Нужно также увидеть и оценить задания нечистой силы.
О спаивании козаков спиртным говорить нечего и так все ясно. Былинному идолищу Тугарину Змеевичу в его современном проявлении очень хочется направить народ на путь добровольного сумасшествия. А о кочерге и узле на ней нужно пояснение. Во времена публикации предания уже говорилось, что наша экономика стала на путь массового производства застарелой, простой (примитивной), металлоемкой и энергоемкой продукции (образ кочерги толщиной с человеческую руку довольно точно отражает этот факт). Блюмсы и слябы до сих пор являются одним из основных источников поступления валюты. Производство ради производства - тот запутанный узел, в котором увязла огромная страна. Оно намного превысило все допустимые разумные пределы. Но нужно помнить, что ликвидация этого узла заказана своим бесом. А бесовское отродье (как предостерегал Федор Достоевский) не придерживается ни пропорций, ни гармонии, ни взвешенности. Оно склонно к прямолинейности и резким перегибам, а бережно хранимые святые идеалы бросает под ноги на потеху случайно собравшейся толпы, которой почти всегда верховодит.
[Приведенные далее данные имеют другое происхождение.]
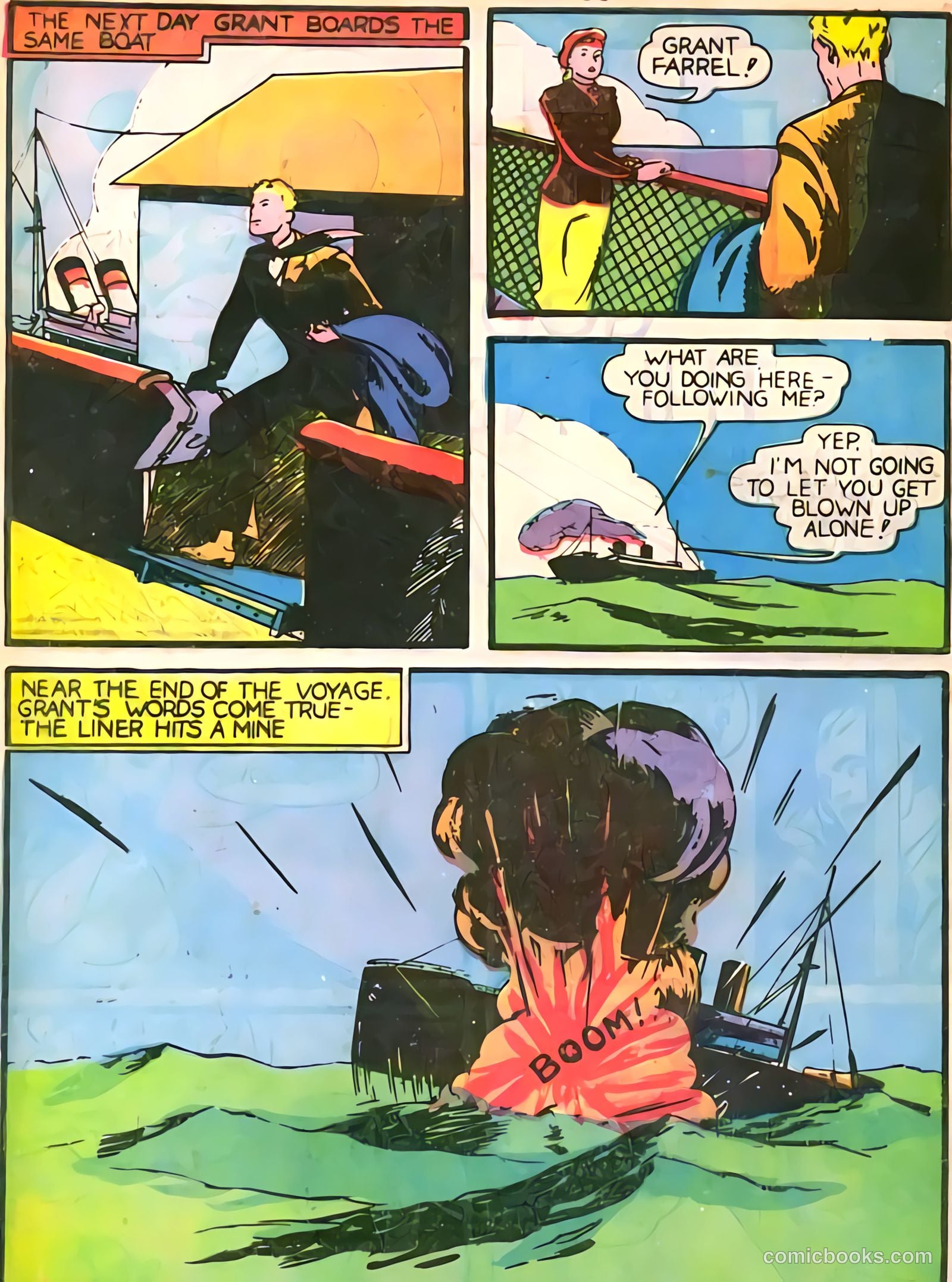 Weird Comics #2 — page 4 of 68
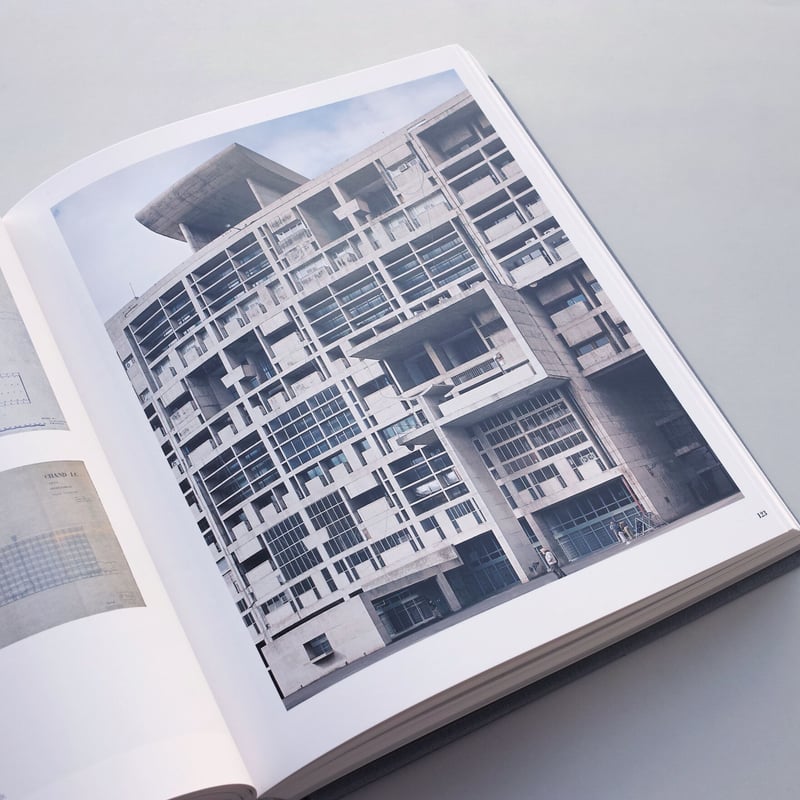 Le Corbusier, Pierre Jeanneret / Chandigarh, In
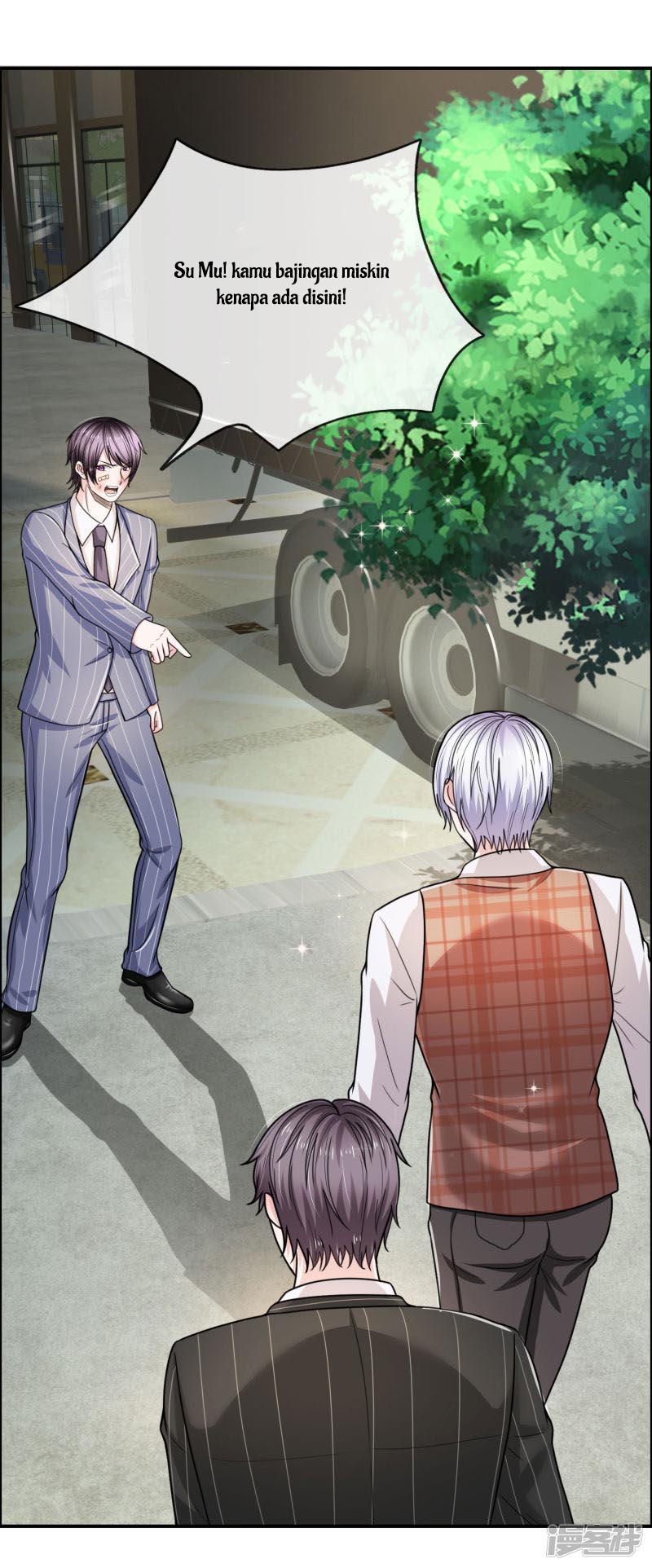 The Top Abandoned Young Chapter 39 - halaman 6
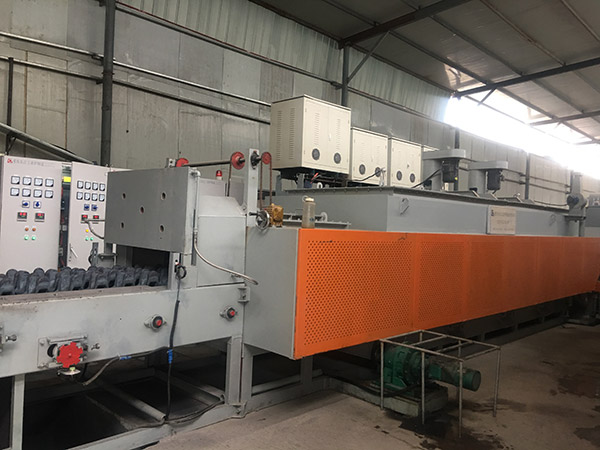 高效調(diào)質(zhì)生產(chǎn)線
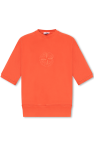 Stone Island Sweatshirt with short sleeves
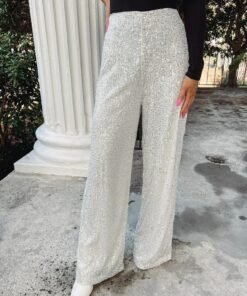 Serena Sparkle Pants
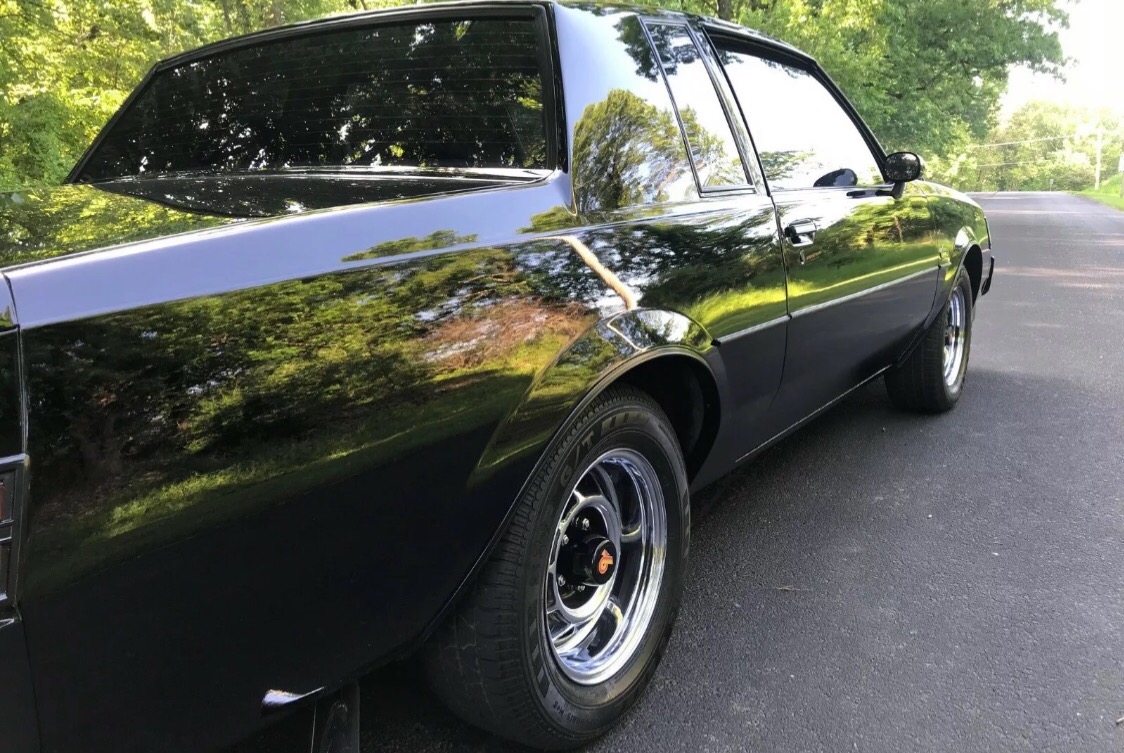Used 1987 Buick Grand National -ONLY 35k ORIGINAL MILES-AMAZING PAINT-SEE VIDEO | Mundelein, IL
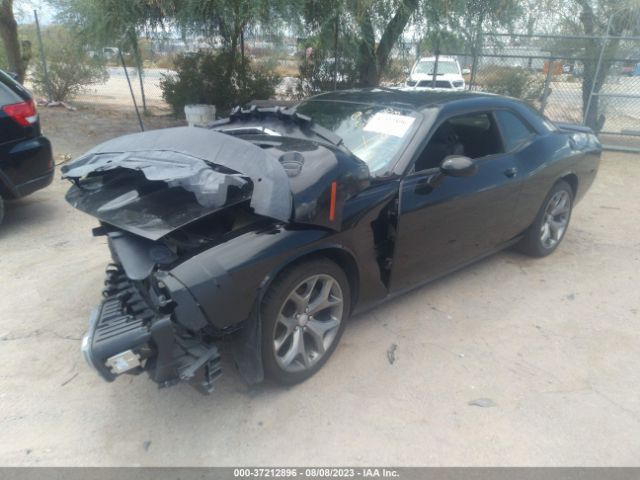 2C3CDZAG1GH336154 Dodge Challenger Sxt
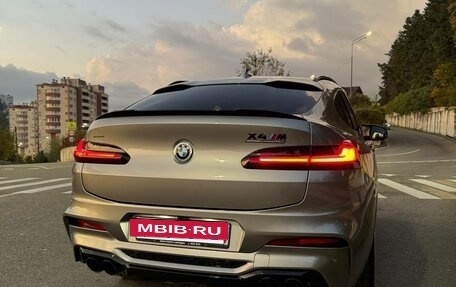 BMW X4 M, 2020 год, 7 200 000 рублей, 23 фотография
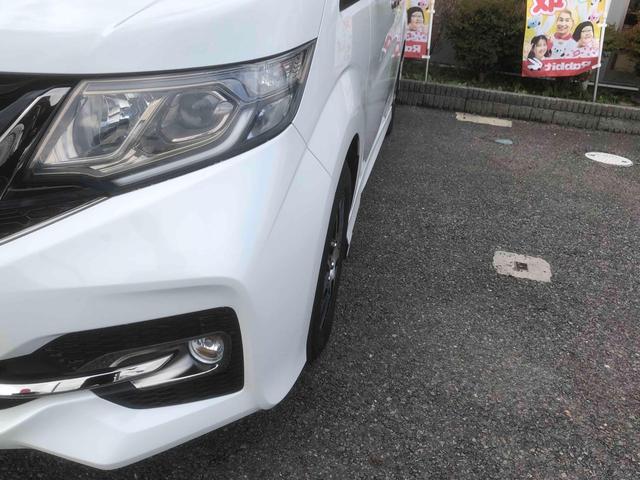 ステップワゴンスパーダ スパーダ・クールスピリット　ホンダセンシング　９インチナビ　バックカメラ　フルセグＴＶ　オートクルーズコントロール　レーンアシスト　衝突被害軽減システム　両側電動スライドドア　オートライト　ＬＥＤヘッドランプ　スマートキー　アイドリングストップ（33枚目）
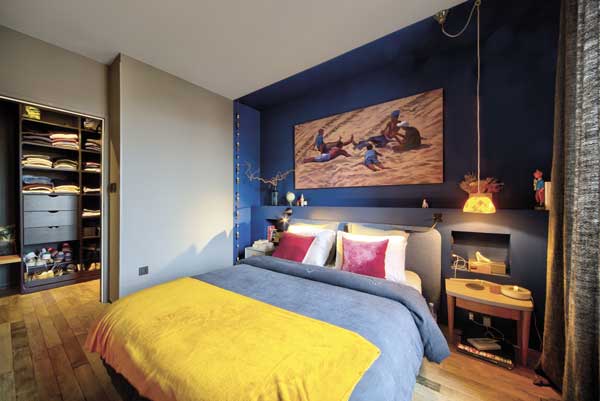Seuil architecture toulouse duplex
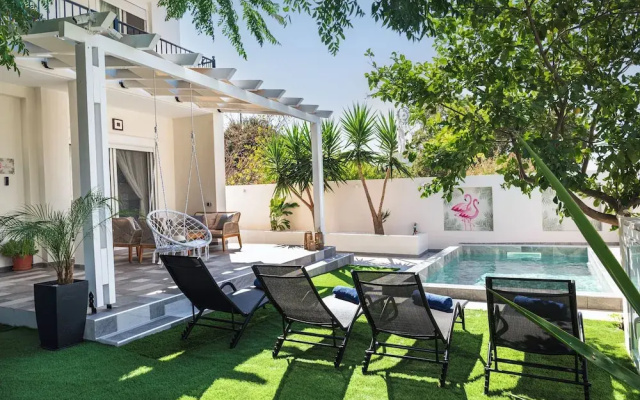 Paradissia Luxe Villa With Private Swimming Pool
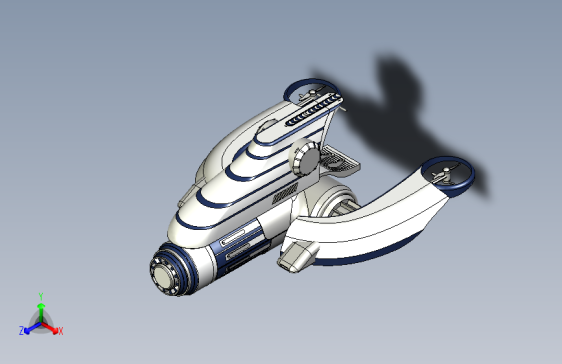 空中客车 - 宇宙飞船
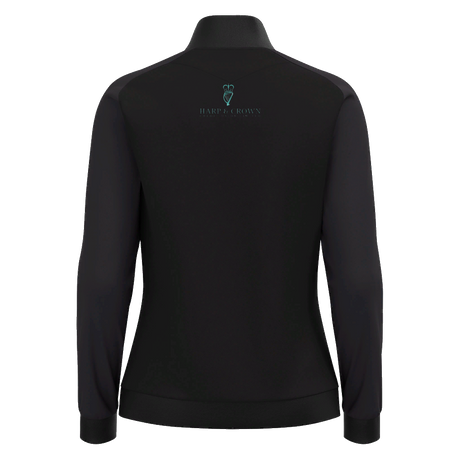 Forge Tennis Club JNR Macron Rama Woman Full Zip Top - KitRoom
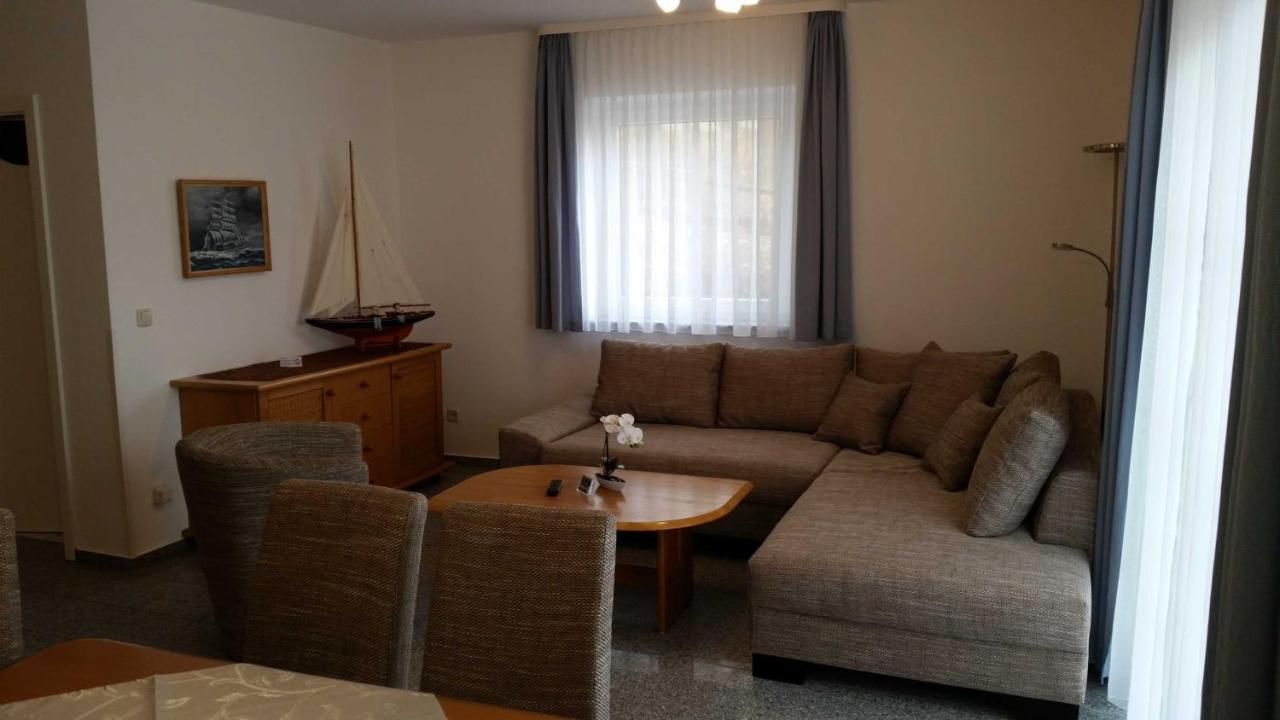 דירות בינץ Haus Emsland מראה חיצוני תמונה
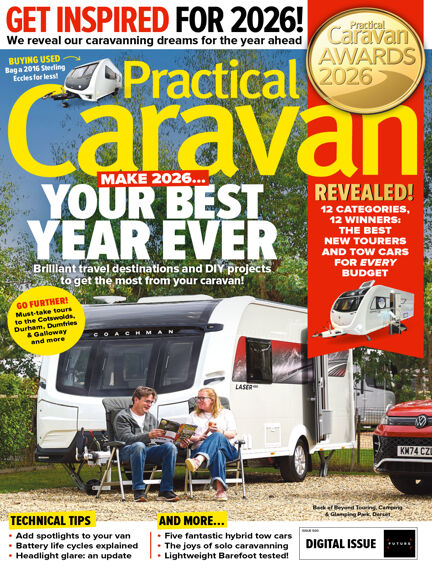 Practical Caravan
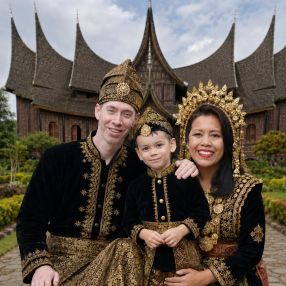 Yohana, Family in Zwijndrecht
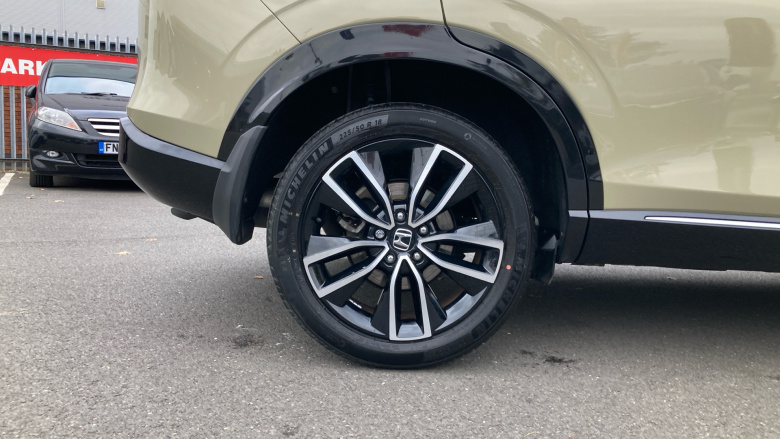 Honda HR-V 1.5 eHEV Advance 5dr CVT Hybrid Hatchback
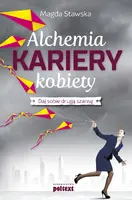 Okładka: Alchemia kariery kobiety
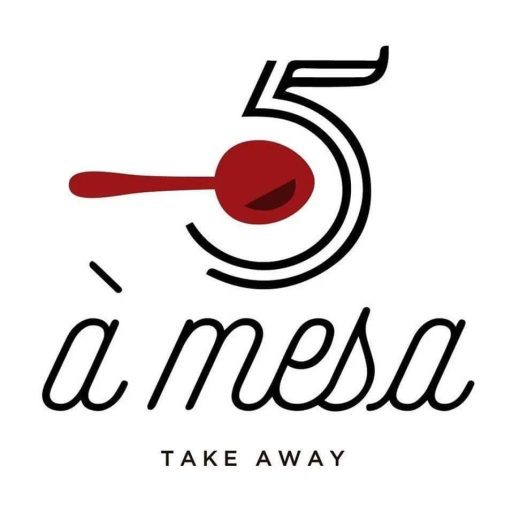 5 à mesa take away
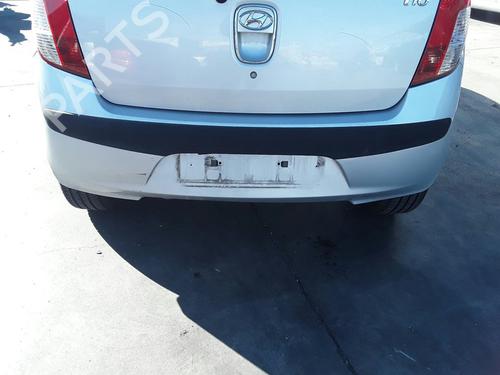 Rear bumper HYUNDAI i10 I (PA) 1.1 | BP28099631C8 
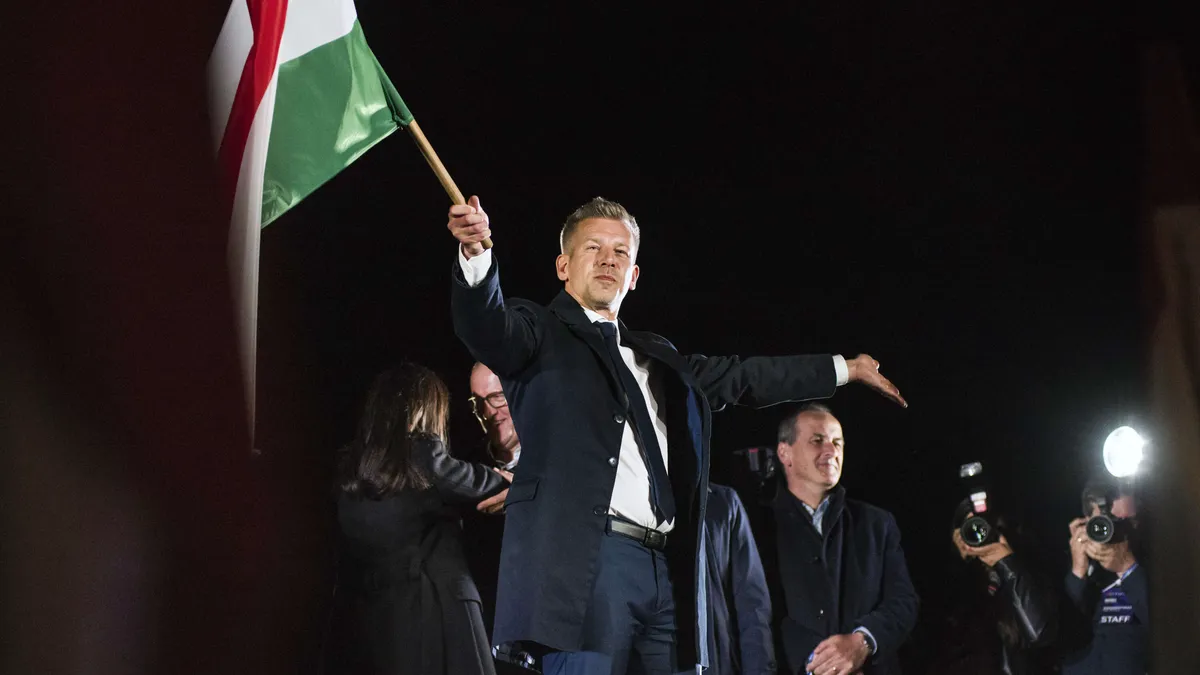 Orbánin kaatuminen avasi Unkarille tien EU-rahoihin, mutta e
Кто мог быть автором сказки, если это действительно предание?
Подозреваю, что за образом хозяйки корчмы, Настей Кабашной, скрыла себя русско-украинско- французская писательница Мария Александровна Вилинская (псевдоним - Марко Вовчок).
Её Тарас Шевченко называл нашей пророчицей. А слово волчок (укр. вовчок) - промелькнуло в тексте.